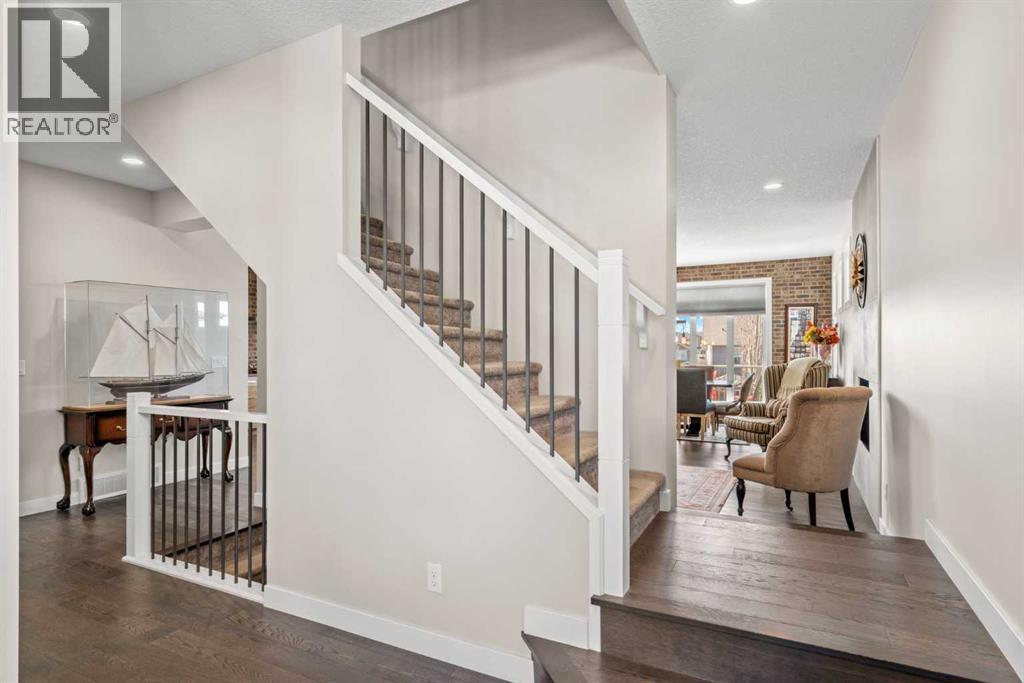 82 Cranbrook Crescent Se, Calgary, Alberta  T3M 2C3 - Photo 3 - A2295578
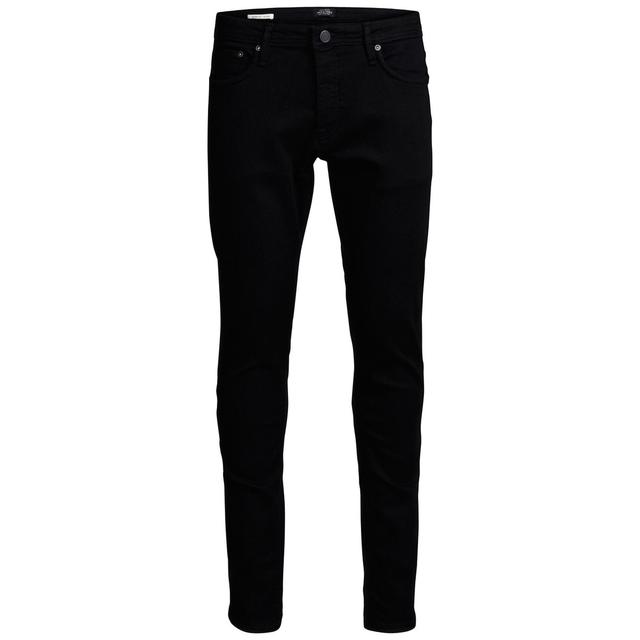 Glenn Felix Am 046 Slim Fit Jeans Herren Schwarz from Jack \u0026 Jones on 21  Buttons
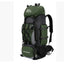 Mochila de Senderismo Premium para Hombres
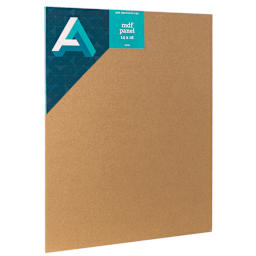 Art Alternatives MDF Panel - 14" x 18", front of packaging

(What to produce) Retype the whole of the data verbatim. Skip every picture.

(Output for this exercise)
 82 Cranbrook Crescent Se, Calgary, Alberta  T3M 2C3 - Photo 3 - A2295578
 Glenn Felix Am 046 Slim Fit Jeans Herren Schwarz from Jack \u0026 Jones on 21  Buttons
 Mochila de Senderismo Premium para Hombres
 Art Alternatives MDF Panel - 14" x 18", front of packaging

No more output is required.